Developing the next big thing in real estate is made harder because the industry is so broad. Trying to create a solution that works across every way society chooses to live just might be a fool’s goal. Logic tells us change happens one step at a time. As a society, we rarely leap. Given that, what would be the segment of our industry representing the lowest hanging fruit for change?
The business rules of real estate were principally established for the buying and selling of single family homes. Absolutely critical to the development of suburbia. Such widespread deployment tells us, this is NOT the segment of our industry ripe for easy change. Hence the decades of stagnation. Look elsewhere.
Many franchise Realtors like to market themselves as their client’s “realty partner”. While this sounds great out of the “cliché-o-meter”, in truth, it’s kind of funny in an absurdist way. Bottom line; many of us actually have realty partners we aren’t really aware of; they’re called HOAs.

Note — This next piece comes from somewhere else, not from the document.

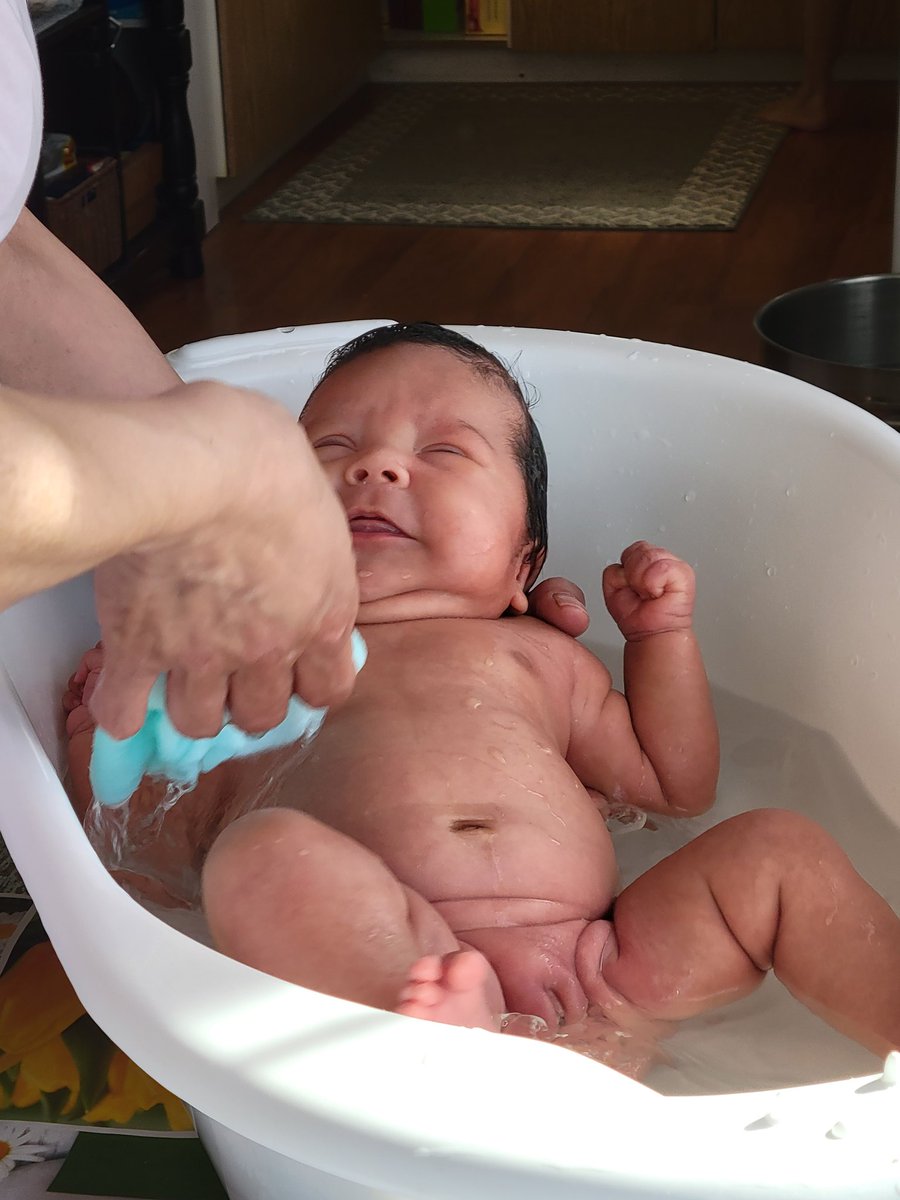 petermenacho's tweet photo. Little Zelda Zoe being bath .....baby are God's gifted ....great grandson of my sister Gina ❤️ https://t.co/90UAuUNwYU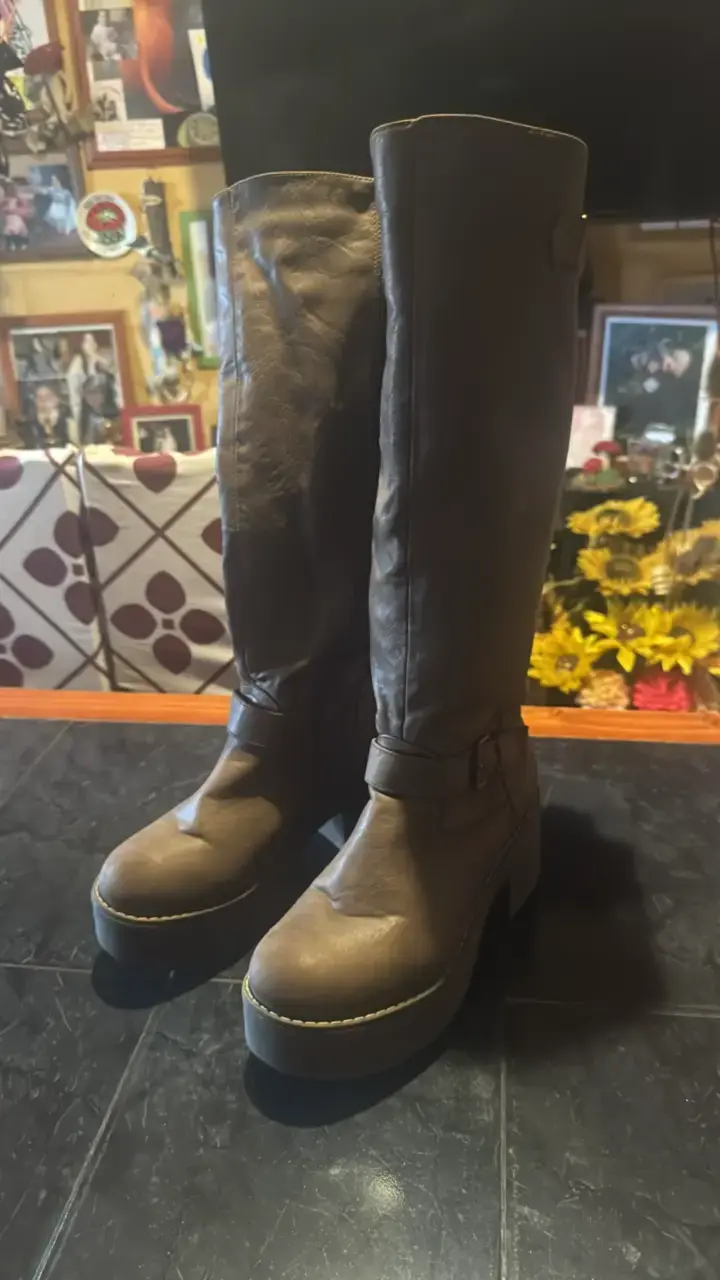 Botas de cuero marrón con plataforma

For most living in suburbia, HOAs are a pain the ass. It seems their entire mission in life is to make their homeowner’s lives miserable. For a large majority of us, news from the HOA is rarely celebratory. But not all HOAs are the same. Some HOAs are far more intimate with their members.
HOAs in hi-rise condominiums, act and function, very differently from the HOAs found in suburban swim/tennis communities. HOAs for small town home communities are far more critical to its members than any other type of housing.
People can buy single family suburban homes with little or no thought toward an HOA. People buying into small town home communities who don’t factor the HOA into their buying decision are taking huge gambles. The wild disparity in the roles of HOAs indicates market segments with the most to gain from radical change. Simply put, the more important an HOA is to a home seller, the more likely the need for change. Turns out, HOAs are the key.
Over the next 2 blogs we will be detailing radical changes for both the condominium and small town home community sales structures. Both of these types of communities require high-touch HOAs. The goal is to create a sales solution benefiting not only the home seller but the greater community at large. And yes, we are saying, the proverbial win/win.
The losers, real estate agents. At least some real estate agents. Condo’s and town homes have shared resources and common areas. Their HOAs are forever looking for cost savings and efficiency. Sales solutions for these market segments should incorporate that same mentality. Efficiency in real estate? Are you mad! If that were to happen, fewer agents would be needed. Well, that’s the point.